Sure. You can make the reasonable claim that everyone who isn't The Major is a supporting character at best, and that Togusa in particular does not have the narrative weight of a major character. Fine.

But Hiro Protagonist is a main character in his book. And Case is a main character in his. Hiro is less augmented than characters he meets, and Case is specifically less augmented than Molly. There is a desire to play characters with a range of augmentation levels and neither meta-currency augmentation limits nor Troupe play actually get us there.
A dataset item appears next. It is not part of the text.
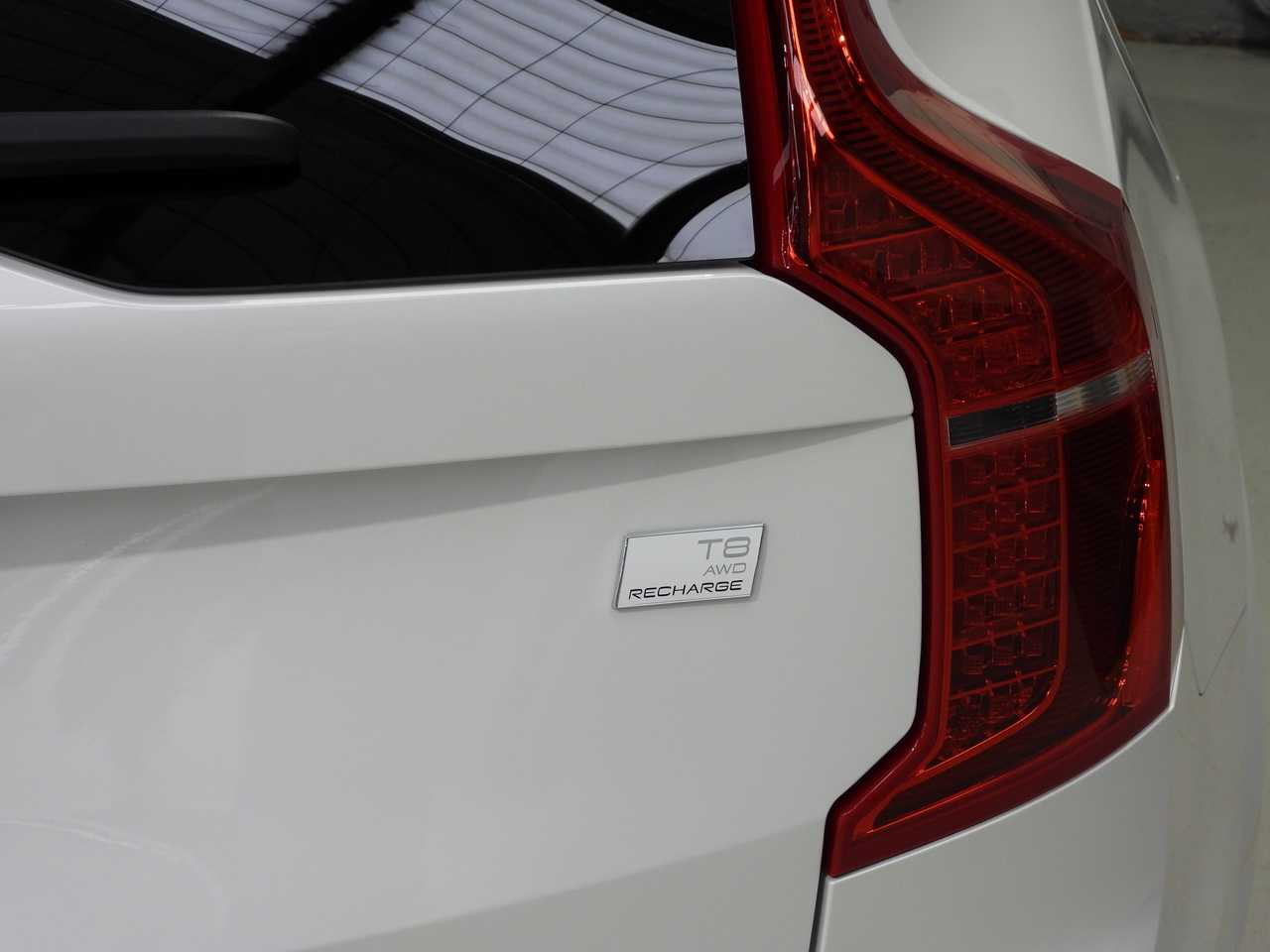 Volvo  XC90 Recharge Ultimate, T8 AWD Plug-in hybrid, Electric/Petrol, Dark, 7 Seats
Ironically, I could imagine something similar to Priorities actually getting you there. Not remotely like any of the versions attempted by any edition of Shadowrun obviously, but something where characters who started off with less magic or augmentation started off with more contacts and skills. A character who isn't running around in a full borg conversion needs to bring other things to the table. A possibility might be character classes - or at least character templates where characters would start with radically different piles in column A and column B. Something similar to the starting packages in Feng Shui.

Now a completely separate issue is that in addition to players wanting to play characters of different levels of inhumanity, people also want to have different trajectories of dehumanization. Which is to say that the player who is basically playing Gally from Gunnm or The Major from GitS is probably totally on board with sinking more resources into ever more elaborate upgrades to their body. While the player who is playing the slightly cybered guy with a lot of skills probably wants to limit their future augmentations such that their character remains recognizable. That sort of implies to me that characters should literally have different amounts of the augmentation metacurrency - like fucking Cyberpunk 2020.